そのため、開発者に依頼をせずに、クリックやスクロールなどを行うことが可能な試作品が作成されます。
開発者に依頼をすると、コストや打ち合わせなどの手間がかかり、多くの工数を消耗します。
しかし、プロトタイピングツールなどを活用すれば、開発の経験が浅かったり、知識が乏しい人でも比較的容易にプロトタイプを制作することができ、高品質な完成品を作成できます。
プロトタイプが必要な理由
ここでは、プロトタイプが必要となる理由を解説します。
製品の仕様を適切に伝えるため
ソフトウェア、アプリ、システムエンジニアが、デザイナーや他の開発担当者に、制作物のイメージを伝えることは簡単ではありません。
特に外部委託する場合は、開発アプリの全ての要件を列挙し、ゴールとなる形態を過不足なく伝えるには、莫大な時間と労力がかかることになります。
また、感覚や感性だけでは伝わらない部分もありますが、それらが上手く開発関係者に伝わらないと、イメージしていたものとは、別のものが出来上がってしまう可能性が拭いきれません。
そのため、戻り作業が多くなり、完成までに膨大なコストがかかってしまいます。
これらを解消するため、イメージがつきやすいプロトタイプを作成し、共通した意識を共有することが、結局は、コスト削減と短期制作に繋がることになります。
目指す方向が、お互いに一致していれば、モチベーションの維持にもなることでしょう。
ユーザーの意見を伝える必要があるため
インターネットが確立している社会においては、ユーザーの意見が非常に重要なファクターとなります。

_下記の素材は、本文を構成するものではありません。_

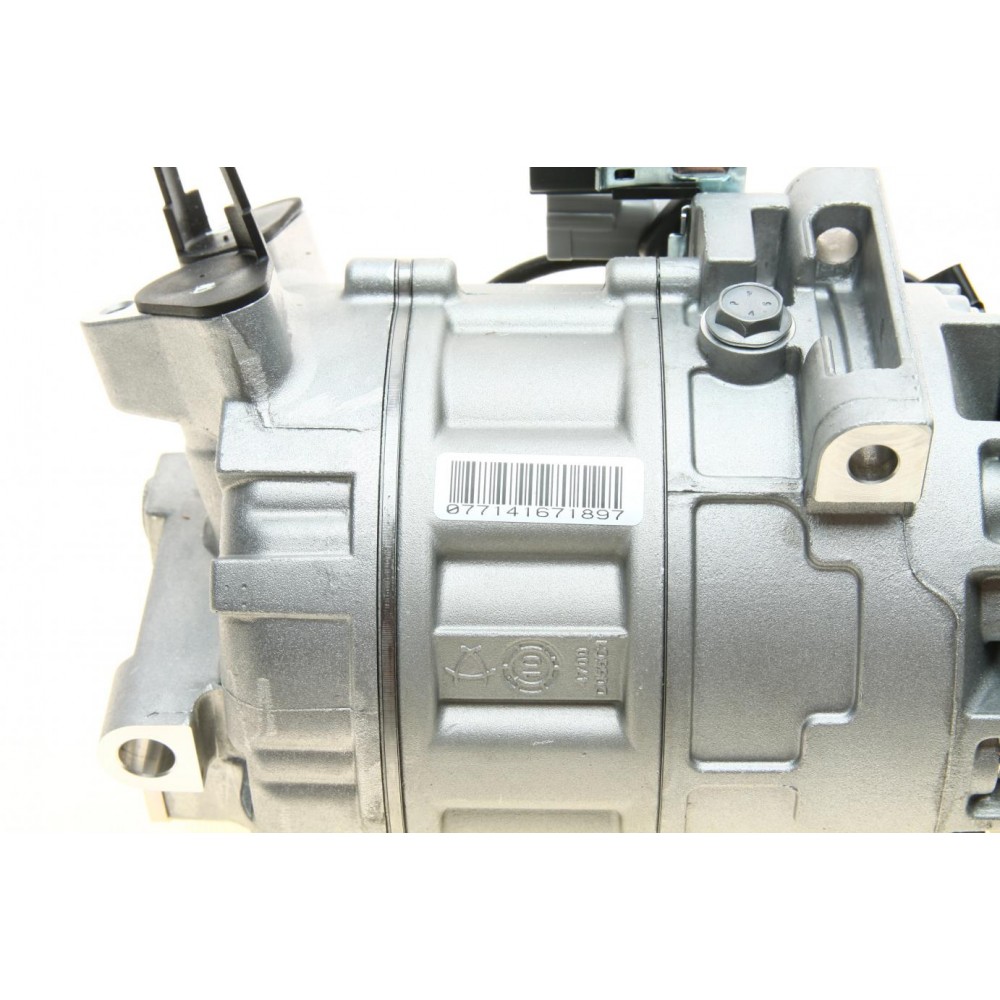 Компресор кондиціонера Renault Megane III/Scenic III 2.0 16V 09-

例えば、アプリの使用感や使い勝手などは、社内では把握しきることはできません。
これを解決するためにも、プロトタイプを実際にユーザーに使ってもらうことで、社内では気付くことができない問題点や課題などを洗い出し、完成版のリリースに繋げる必要があります。
これは、アプリやWEB制作に限らず、洗剤や柔軟剤などの製品にも同じことが言えます。
ネット社会では、ユーザーの意見が第一であることを改めて意識しましょう。
プロトタイプの種類
プロトタイプにも3種類あります。
ここでは、プロトタイプの種類について解説します。
ファンクショナルプロトタイプ
ファンクショナルプロトタイプとは、動きのシミュレーションを実施する時に用いるプロトタイプです。
例えば、ユーザーがアプリの画面をスクロールしたり、ボタンを押下したりした時の動作が正常であるかを確認するためのものです。
デザインプロトタイプ
デザインプロトタイプとは、プロトタイピングツールを利用したリアリティを持たせたプロトタイプです。
ファンクショナルプロトタイプにさらにデザイン面を特化させたプロトタイプで、見た目を完成形に近づけたものになります。
コンテクスチュアルプロトタイプ
文脈的なプロトタイプを意味します。
製品やサービスのイメージ動画を作成し、ユーザーが実際に利用していることを想起させる狙いがあります。
それにより、実際の使用感に近い感覚をユーザーに体験してもらい、問題点や課題点などの洗い出しに役立つプロトタイプです。
クラウドファンディングでもよく使われる手法です。
プロトタイプを作成するメリット
ここでは、プロトタイプを作成するメリットについて解説します。
製品やサービスの品質を高める
例えば、プロトタイプをユーザーに使ってもらうことで、想定していなかった問題点が浮き彫りになったり、思ってもみなかった使い方を発見できたりと、製品やサービスの品質を高めることに役立ちます。
段階的に仕様を決定して開発を進めることができる
制作前に仕様を全て固めて開発を進めると、やり直しが効かないことが往々にしてあります。
仕様の決定は、最初に大枠を決めた後は、細かい部分に関しては、後工程になってもある程度変更が効くように、開発を進めるとより理想に近いアプリを開発することができます。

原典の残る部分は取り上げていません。